Toda estrella tiene una tendencia a «colapsar» (derrumbarse hacia el interior) bajo su propia atracción gravitatoria, pero a medida que lo hace aumenta la temperatura en su interior. Y al calentarse el interior, la estrella tiende a expandirse. Al final se establece el equilibrio y la estrella alcanza un cierto tamaño fijo. Cuanto mayor es la masa de la estrella, mayor tiene que ser la temperatura interna para contrarrestar esa tendencia al colapso; y mayor también, por consiguiente, la temperatura superficial.

El Sol, que es una estrella de tamaño medio, tiene una temperatura superficial de 6.000º C. Las estrellas de masa inferior tienen temperaturas superficiales más bajas, algunas de sólo 2.500º C. Las estrellas de masa superior tienen temperaturas más altas: 10.000º C, 20.000º C y más. Las estrellas de mayor masa, y por tanto las más calientes y más brillantes, tienen una temperatura superficial constante de 50.000º C como mínimo, y quizá más. La temperatura superficial constante más alta posible de una estrella de la secuencia principal es 80.000º C.

¿Por qué no más? ¿Y si consideramos estrellas de masa cada vez mayor? Si una estrella ordinaria adquiere una masa tal que su temperatura superficial supera los 80.000º C, las altísimas temperaturas del interior producirán una explosión. En momentos determinados es posible que se alcancen temperaturas superiores, pero una vez pasada la explosión quedará atrás una estrella más pequeña y más fría que antes. La superficie, sin embargo, no es la parte más caliente de una estrella. El calor de la superficie se transmite hacia afuera, a la delgada atmósfera (o «corona») que rodea a la estrella. La cantidad total de calor no es mucha, pero como los átomos son muy escasos en la corona (comparados con los que hay en la estrella misma), cada uno de ellos recibe una cuantiosa ración.

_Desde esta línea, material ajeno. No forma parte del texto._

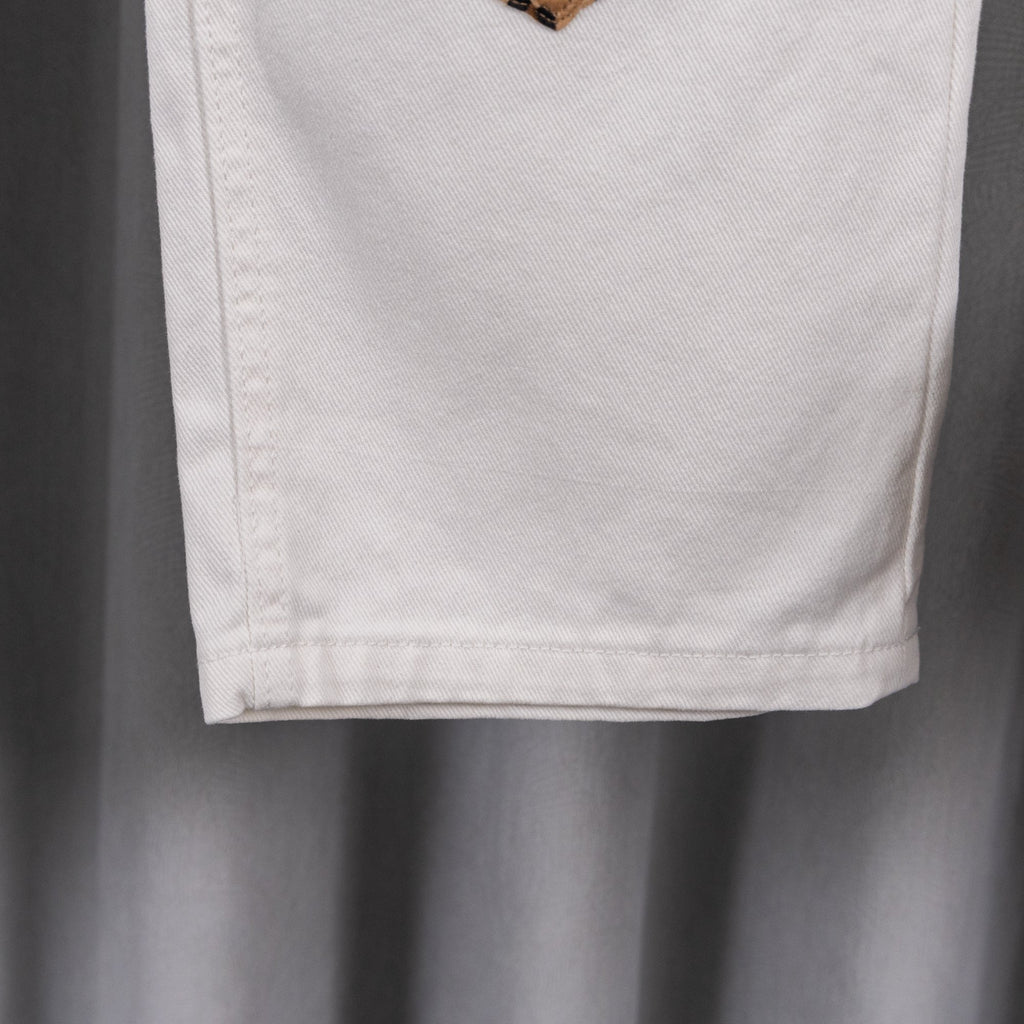 White denim pants hem and side seam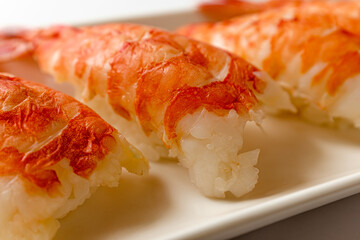 Black tiger prawn sushi on white background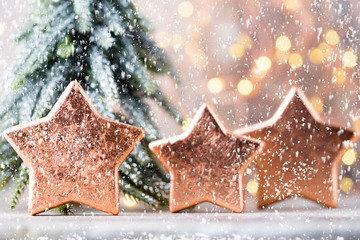 Christmas bronze decoration. Holiday decorations bronze on bokeh background.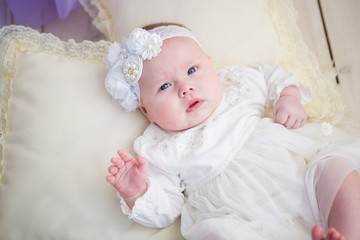 Little baby girl in a beautiful dress
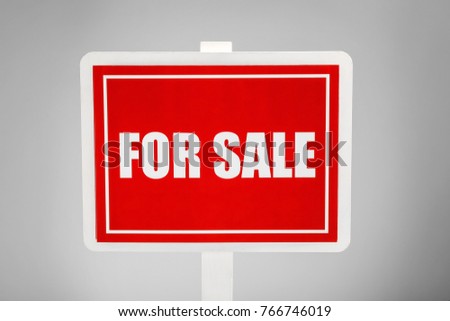"For sale" sign on grey background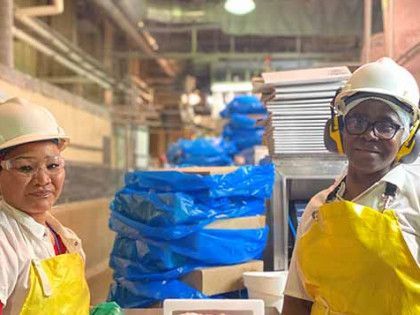 Two workers in white uniforms, yellow aprons, and hard hats stand in a brightly lit industrial food processing facility.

Lo que mide la temperatura es la energía térmica por átomo, y por esa razón la corona solar tiene una temperatura de 1.000.000º C aproximadamente. También el interior de una estrella es mucho más caliente que la superficie. Y tiene que ser así porque si no no podría aguantar las capas exteriores de la estrella contra la enorme atracción centrípeta de la gravedad. La temperatura del núcleo interior del Sol viene a ser de unos 15.000.000º C. Una estrella de masa mayor que la del Sol tendrá naturalmente una temperatura nuclear y una temperatura superficial más altas. Por otro lado, para una masa dada las estrellas tienden a hacerse más calientes en su núcleo interior a medida que envejecen. Algunos astrónomos han intentado calcular la temperatura que puede alcanzar el núcleo interior antes de que la estrella se desintegre. Hay estimaciones que dan una temperatura máxima de 6.000.000.000º C.

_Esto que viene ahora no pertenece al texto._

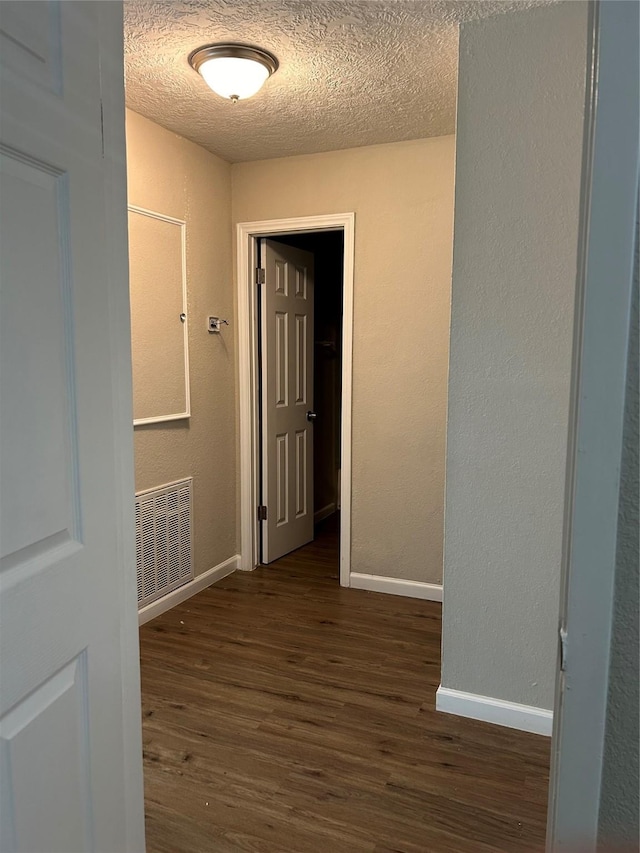 105 Will St, Willis, TX 77378 - hallway with visible vents, baseboards, and wood finished floors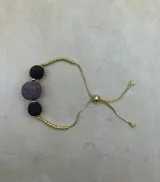 Pulsera dorada con tres piedras volcánicas negras y cierre corredizo.
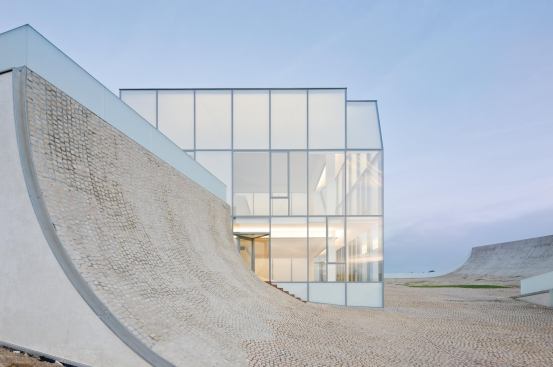 Sloping roof plaza wall with restaurant beyond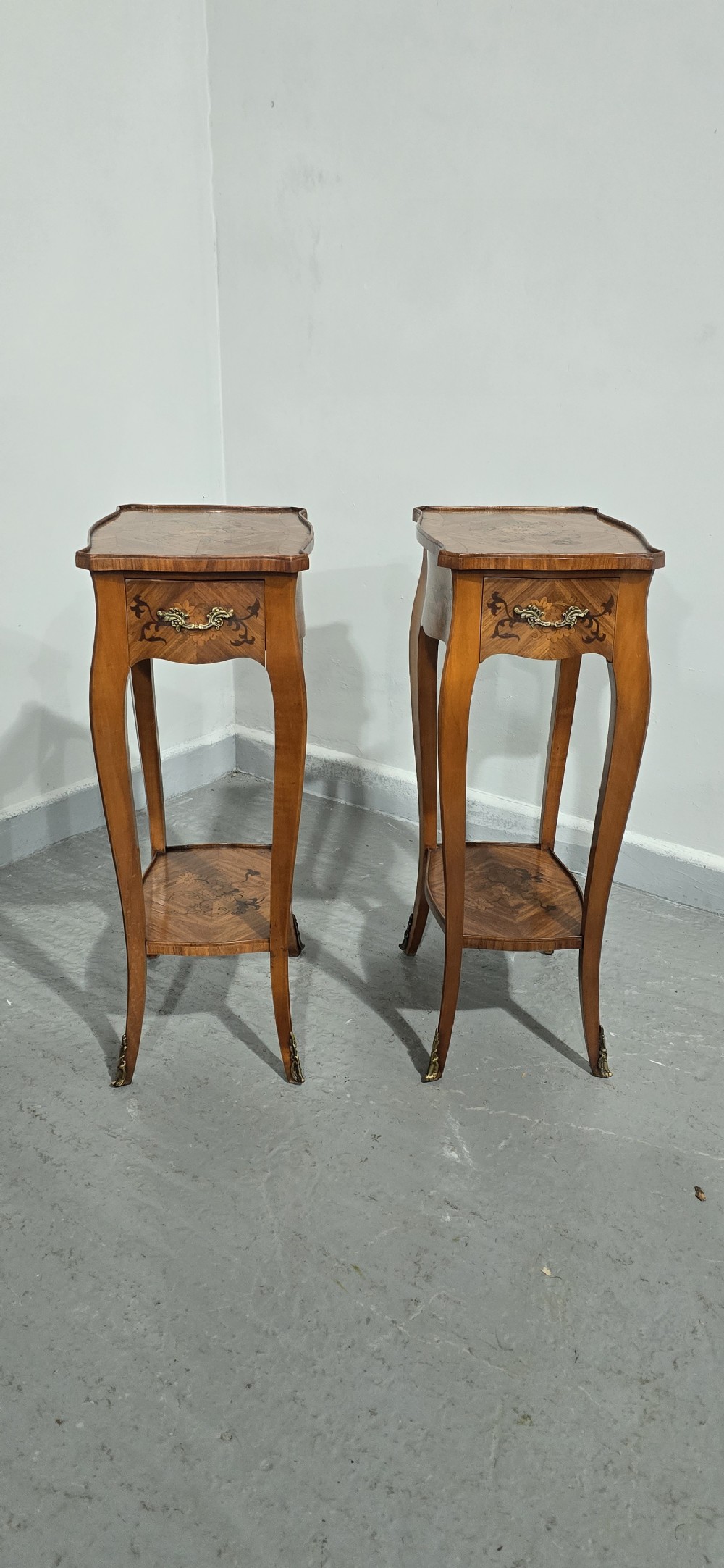 A pair of slender warm brown French marquetry tables featuring floral inlays, cabriole legs, lower shelves, and extended side drawers. View X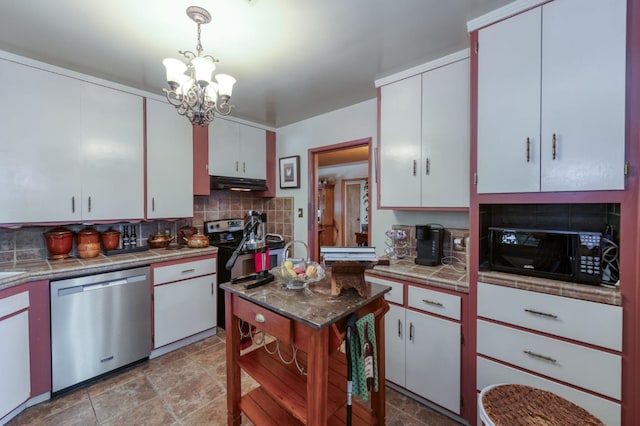 43125 Rd 80, Dinuba, CA 93618 - kitchen featuring stainless steel appliances, decorative backsplash, a chandelier, under cabinet range hood, and white cabinetry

¿Y qué ocurre con los objetos que no se hallan en la secuencia principal? En particular, ¿qué decir acerca de los objetos descubiertos recientemente, en los años sesenta? Tenemos los pulsares, que son «estrellas de neutrones» increíblemente densas, con toda la masa de una estrella ordinaria empaquetada en una esfera de un par de decenas de kilómetros de diámetro. La temperatura de su interior ¿no podría sobrepasar ese «máximo» de los seis mil millones de grados? Y también están los quasares, que según algunos son un millón de estrellas ordinarias, o más, colapsadas todas en una ¿Qué decir de la temperatura de su núcleo interior?

¿Hasta dónde puede llegar el proceso de fusión dentro de una estrella?

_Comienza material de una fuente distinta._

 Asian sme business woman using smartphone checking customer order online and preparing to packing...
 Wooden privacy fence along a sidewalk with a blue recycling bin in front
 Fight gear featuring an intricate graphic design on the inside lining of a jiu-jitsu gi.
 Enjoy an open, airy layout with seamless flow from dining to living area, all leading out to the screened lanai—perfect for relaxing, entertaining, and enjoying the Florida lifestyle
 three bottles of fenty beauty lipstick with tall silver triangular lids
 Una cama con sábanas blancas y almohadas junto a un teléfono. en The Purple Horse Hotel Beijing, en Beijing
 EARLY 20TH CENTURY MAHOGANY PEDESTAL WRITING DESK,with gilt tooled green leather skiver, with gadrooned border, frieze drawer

Cuando un número determinado de protones y neutrones se juntan para formar un núcleo atómico, la combinación resultante es más estable y contiene menos masa que esos mismos protones y neutrones por separado. Al formarse la combinación, el exceso de masa se convierte en energía y se dispersa por radiación.

Mil toneladas de hidrógeno, cuyos núcleos están constituidos por un solo protón, se convierten en 993 toneladas de helio, cuyos núcleos constan de dos protones y dos neutrones. Las siete toneladas restantes de masa se emiten en forma de energía.

Las estrellas como nuestro Sol radian energía formada de esta manera. El Sol convierte unas 654.600.000 toneladas de hidrógeno en algo menos de 650.000.000 toneladas de helio por segundo. Pierde por tanto 4.600.000 toneladas de masa cada segundo. Pero incluso a este ritmo tan tremendo, el Sol contiene suficiente hidrógeno para mantenerse todavía activo durante miles de millones de años.

Ahora bien, llegará el día en que las reservas de hidrógeno del Sol lleguen a agotarse. ¿Significa eso que el proceso de fusión se parará y que el Sol se enfriará? No del todo. Los núcleos de helio no representan el empaquetamiento más económico de los protones y neutrones. Los núcleos de helio se pueden fusionar en núcleos aún más complicados, tan complicados como los del hierro. De este modo se seguirá emitiendo energía. Pero tampoco mucha más. Las 1.000 toneladas de hidrógeno que, según hemos dicho, se fusionan en 993 toneladas de helio se pueden fusionar luego en 991,5 toneladas de hierro. Al pasar de hidrógeno a helio se convierten en energía siete toneladas de masa, pero sólo una y media al pasar de helio a hierro.

Y al llegar al hierro entramos en una vía muerta. Los protones y neutrones del núcleo de hierro están empaquetados con una estabilidad máxima. Cualquier cambio que se produzca en el hierro, ya sea en la dirección de átomos más simples o de átomos más complejos, no emite energía sino que la absorbe. Podemos decir por tanto que cuando la estrella alcanza la fase del helio ha emitido ya unas cuatro quintas partes de toda la energía de fusión disponible; al pasar al hierro emite la quinta parte restante y allí se acaba la historia.

Pero ¿qué sucede después?

Al pasar a la etapa de fusión posterior al helio el núcleo de la estrella se torna mucho más caliente. Al llegar a la etapa del hierro se vuelve lo bastante caliente como para iniciar reacciones nucleares que producen cantidades enormes de neutrinos. El material estelar no absorbe los neutrinos: tan pronto como se forman salen disparados a la velocidad de la luz, llevándose energía consigo. El núcleo de la estrella pierde energía, se enfría de forma bastante brusca y la estrella se convierte por colapso en una enana blanca.

En el curso de este colapso, las capas exteriores, que aún poseen átomos menos complicados que los de hierro, se fusionan todos a un tiempo, explotando en una «nova». La energía resultante forma átomos más complicados que los de hierro, incluso de uranio y más complejos aún. Los restos de tales novas, que contienen átomos pesados, se mezclan con el gas interestelar. Las estrellas formadas a partir de ese gas, llamadas «estrellas de la segunda generación», contienen pequeñas cantidades de átomos pesados que jamás podrían haber conseguido a través del proceso de fusión ordinario. El Sol es una estrella de la segunda generación.  Y por eso, hay oro y uranio en la Tierra.